WISE, Justice. Moore, C.J., and Stuart, Parker, and Shaw, JJ., concur.
Debora Willingham, as the administrator of the estate of Brandy Matthews, deceased (" Willingham" ), appeals from a summary judgment entered by the DeKalb Circuit Court (" the trial court" ) on her complaint for a judgment declaring the rights, duties, and liabilities of the parties under § 43-8-253, Ala. Code 1975, which is known as " the Slayer's Statute."
Facts and Procedural History
Brandy Matthews and Joshua Taylor Matthews were married in September 2004. On March 20 or March 21, 2011, Brandy died as a result of gunshot wounds inflicted by Joshua. Brandy's death was determined to be a homicide. On the same date, Joshua died as a result of a self-inflicted gunshot wound.
Brandy and Joshua both died intestate. Willingham, Brandy's mother, was appointed by the DeKalb Probate Court as the administrator of Brandy's estate. Rodney Matthews (" Matthews" ), Joshua's brother, was appointed by the DeKalb Probate Court as the administrator of Joshua's estate.

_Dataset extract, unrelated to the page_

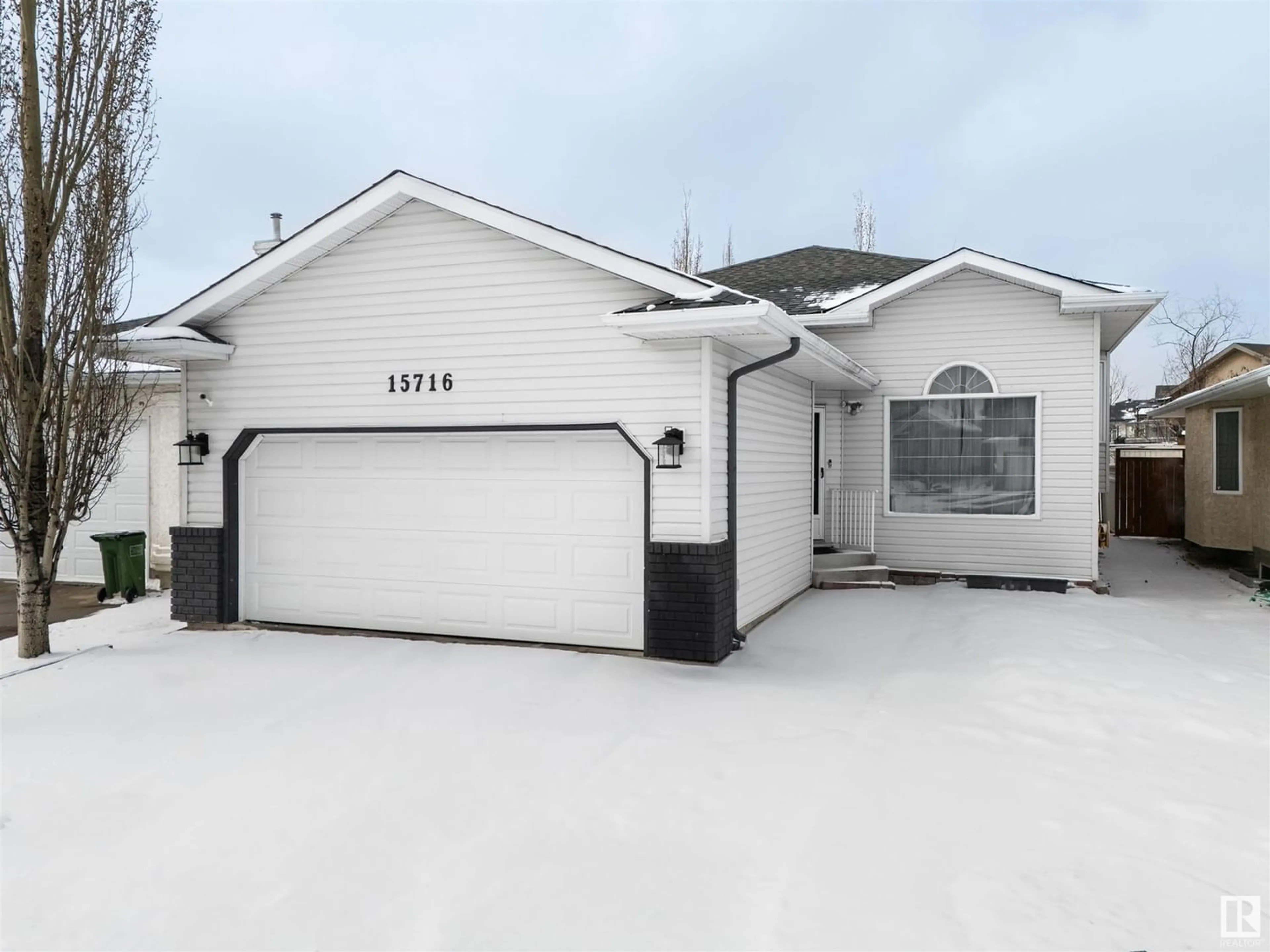 Frontside or backside of a home for 15716 133 ST NW, Edmonton Alberta T6V1E5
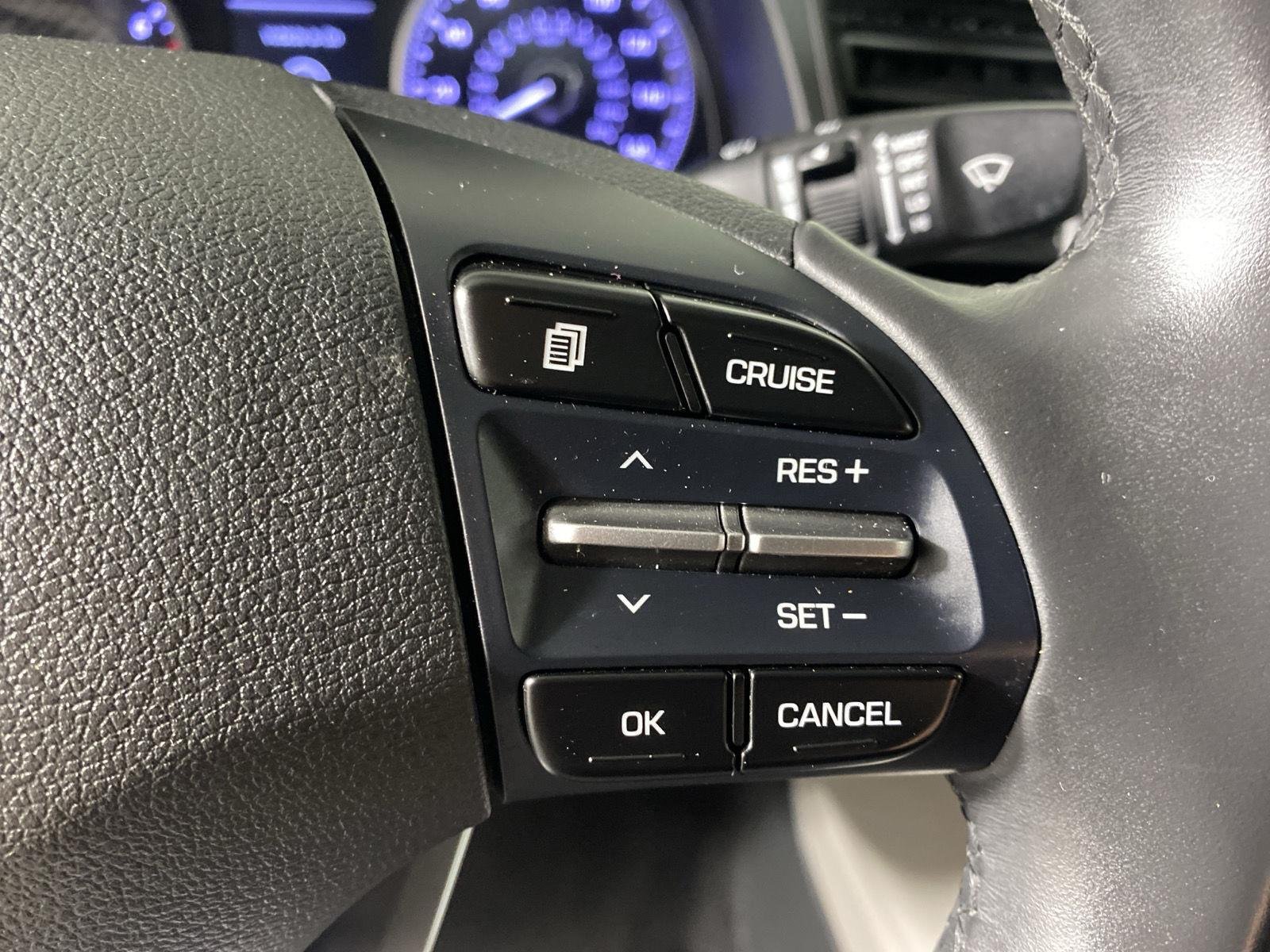 Used 2020 Calypso Red Hyundai Value Edition image 15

On March 20, 2013, Willingham filed a complaint for a declaratory judgment in the trial court, stating that there was a justiciable controversy between Brandy's estate and Joshua's estate as to their respective rights, duties, and liabilities based on Willingham's interpretation of § 43-8-253. She contended that, upon application of § 43-8-253,
" Joshua Taylor Matthews would have been unable to inherit from Brandy Matthews. Furthermore, based upon the actions of Joshua Taylor Matthews, his property is to pass as if he had predeceased [Brandy Matthews]. In other words, the estate of Joshua Taylor Matthews would pass to his spouse, Brandy Matthews. In this instance, the estate of Joshua Taylor Matthews should pass directly to the estate of Brandy Matthews."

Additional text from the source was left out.